Webinar: What’s Tax Got to Do With It?
Tax justice is necessary to achieve racial, social and economic justice. We need race-forward tax policies that create opportunity for everyone, demand corporations and the wealthy pay their fair share and raise enough revenue to respond to compounding climate, health and economic crises.
Tax justice is justice.
Sen. Sherrod Brown, joined by Dorian Warren (Community Change), Maurice BP-Weeks (ACRE), Ben Chin (Maine’s People Alliance), Amisha Patel (Grassroots Collaborative) and Amy Hanauer (ITEP/Citizens for Tax Justice) discussed the importance of tax equity in narrowing racial and economic inequalities and advancing progressive policies that help all of us thrive.
Watch the recording below:
Resources
KEYNOTE SPEAKER: Sen. Sherrod Brown
A lifelong Ohioan, Senator Sherrod Brown has spent his career fighting for the Dignity of Work – the idea that hard work should pay off for everyone, no matter who you are, where you live, or what kind of work you do. He has held nearly 500 roundtables across Ohio, because he believes the best ideas don’t come out of Washington – they come from conversations with Ohioans.

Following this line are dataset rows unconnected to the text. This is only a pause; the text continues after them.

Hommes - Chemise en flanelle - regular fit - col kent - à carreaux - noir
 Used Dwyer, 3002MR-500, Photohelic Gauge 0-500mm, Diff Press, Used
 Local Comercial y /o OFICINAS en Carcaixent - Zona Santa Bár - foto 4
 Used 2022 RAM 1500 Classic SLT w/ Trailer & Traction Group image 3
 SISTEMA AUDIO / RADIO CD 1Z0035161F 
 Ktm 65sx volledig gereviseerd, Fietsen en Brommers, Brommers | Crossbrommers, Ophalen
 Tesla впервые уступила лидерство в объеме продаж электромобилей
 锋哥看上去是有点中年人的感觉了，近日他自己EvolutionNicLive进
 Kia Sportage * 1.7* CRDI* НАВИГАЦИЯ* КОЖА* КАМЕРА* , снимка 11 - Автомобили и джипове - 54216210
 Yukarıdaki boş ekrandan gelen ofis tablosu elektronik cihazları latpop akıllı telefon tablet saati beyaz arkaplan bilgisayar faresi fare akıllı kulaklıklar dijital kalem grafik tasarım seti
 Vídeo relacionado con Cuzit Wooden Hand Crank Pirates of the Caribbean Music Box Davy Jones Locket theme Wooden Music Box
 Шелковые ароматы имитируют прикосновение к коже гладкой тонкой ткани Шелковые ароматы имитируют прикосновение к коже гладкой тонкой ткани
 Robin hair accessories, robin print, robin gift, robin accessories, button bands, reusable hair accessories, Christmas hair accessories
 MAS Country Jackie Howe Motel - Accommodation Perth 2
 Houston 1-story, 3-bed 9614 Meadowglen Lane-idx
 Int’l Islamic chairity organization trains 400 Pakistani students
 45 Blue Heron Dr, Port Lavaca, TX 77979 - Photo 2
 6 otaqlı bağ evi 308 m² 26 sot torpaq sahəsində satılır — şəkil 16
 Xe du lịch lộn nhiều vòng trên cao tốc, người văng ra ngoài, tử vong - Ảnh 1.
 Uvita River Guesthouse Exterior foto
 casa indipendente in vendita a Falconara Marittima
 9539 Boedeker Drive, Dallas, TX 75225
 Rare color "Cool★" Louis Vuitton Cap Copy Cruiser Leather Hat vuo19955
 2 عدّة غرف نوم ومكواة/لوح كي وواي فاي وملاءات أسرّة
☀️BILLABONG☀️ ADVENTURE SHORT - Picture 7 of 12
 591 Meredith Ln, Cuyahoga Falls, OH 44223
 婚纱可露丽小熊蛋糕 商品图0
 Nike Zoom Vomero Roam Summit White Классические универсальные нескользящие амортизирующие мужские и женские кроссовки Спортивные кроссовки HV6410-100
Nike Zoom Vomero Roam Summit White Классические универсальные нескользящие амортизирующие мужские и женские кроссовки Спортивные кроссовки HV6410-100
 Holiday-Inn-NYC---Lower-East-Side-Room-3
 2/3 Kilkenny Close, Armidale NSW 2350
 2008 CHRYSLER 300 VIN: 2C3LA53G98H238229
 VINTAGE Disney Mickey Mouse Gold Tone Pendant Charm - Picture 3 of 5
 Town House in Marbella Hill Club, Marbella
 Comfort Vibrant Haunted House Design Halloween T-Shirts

Building on his successful work to make the Earned Income Tax Credit permanent, Senator Brown has a plan to overhaul our tax code to put people first, and to make hard work pay off for more Americans. That includes putting more money back in the pockets of workers and families, giving workers more power in the workplace, making it easier to save for retirement, and encouraging companies to invest in their greatest asset: the American worker. Senator Brown also believes we need to broaden our definition of work – caring for children or an aging parent is work, and so is getting an education.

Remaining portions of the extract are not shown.